Prawdziwa miejska dżungla
Prawdziwa miejska dżungla. Jak polskie miasta ożyły i wypiękniały
Przełom XX i XXI w. dla Warszawy był nie tylko zmianą kalendarzową. Nowy wiek, najpierw powoli, a od wejścia do Unii Europejskiej już z rozpędem, otworzył nowe perspektywy. Ruszyły inwestycje w nowe i renowacje starego. Miasto ożyło i wypiękniało.
Odnowiono nie tylko zabytki czy budowle z PRL, ale też kilka parków. Najpierw Żeromskiego, potem Kępę Potocką i ogród Krasińskich. Ten trzeci ma największe tradycje, jako pierwotny park przypałacowy. Za jego kanoniczny obraz uznaje się ten ukształtowany pod koniec XIX w. przez głównego ogrodnika Warszawy Franciszka Szaniora – przypieczętowany wpisem do rejestru zabytków.
W praktyce jednak ten status okazał się przekleństwem parku.
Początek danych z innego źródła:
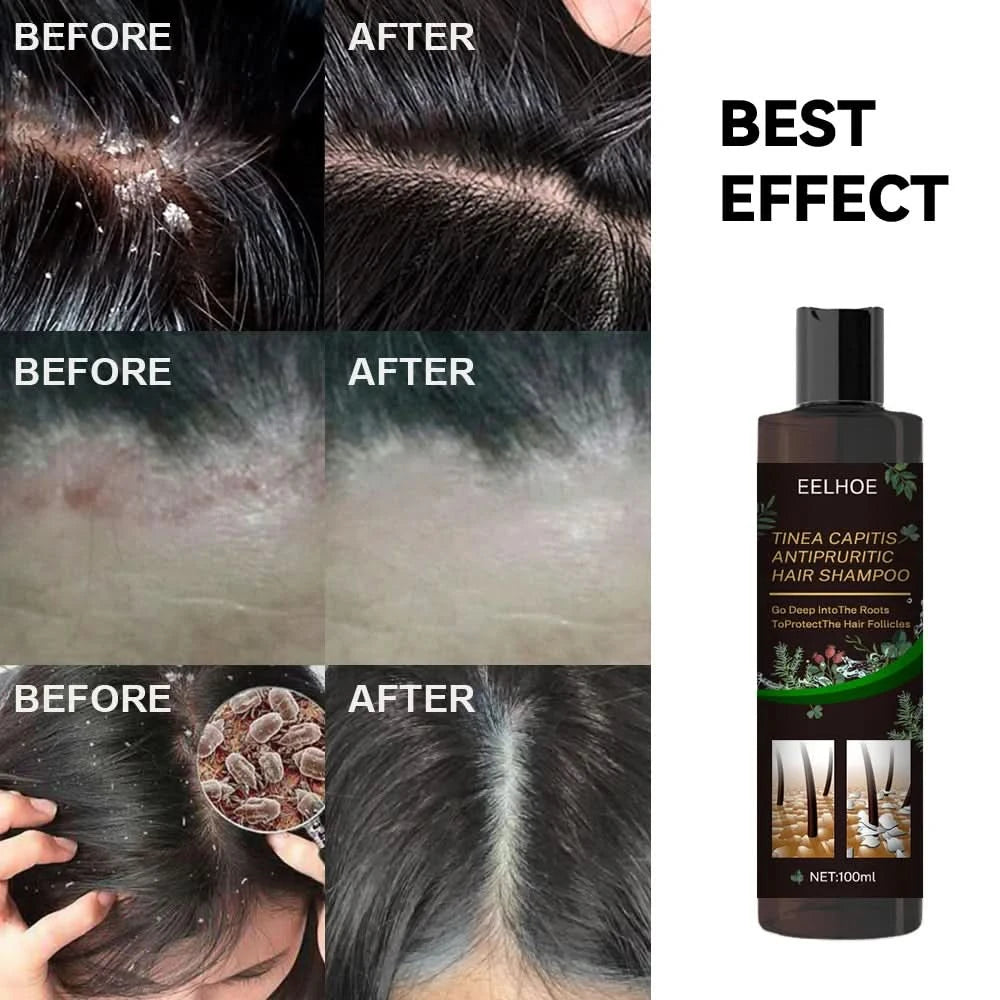 Hair Shampoo For Tinea Capitis Antipuriticprofessional Antidandruff Remove Mites Andrelieve Itching Shampoo 100ml Party Favours - M & M Global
Po stu latach drzewa wyglądają zupełnie inaczej. Te pamiętające prace Szaniora postarzały się, niektórych już nie ma. Wyrosły nowe, które – jako „dobudowany” element architektoniczny – zaburzają chronioną koncepcję artystyczną. W ramach rewitalizacji wycięto więc ponad 300 drzew niepasujących do dawnego planu. Przy okazji przekopano podłoże, utwardzono alejki, dostawiono latarnie. Park ponownie przypomina ten z projektów Szaniora. Ale nie wszyscy są zachwyceni.
Odchodzi wróbel, przychodzi szpak
Wśród osób, dla których to nie żadna rewitalizacja, a wręcz przeciwnie – uśmiercenie, jest Maciej Luniak. To profesor ornitologii przez ponad 40 lat związany z Muzeum i Instytutem Zoologii PAN, który znaczną część swojej pracy badawczej poświęcił ptakom żyjącym w miastach – awifaunę ogrodu Krasińskich bada od lat 70. XX w. Zauważa, że liczba gatunków lęgowych po renowacji spadła z 29 do 15. Po dwóch latach powróciły dwa gatunki. Tylko.
Obrońcy rewitalizacji mają pewien argument: po kilku latach liczebność ptaków wręcz przewyższyła tę sprzed przebudowy.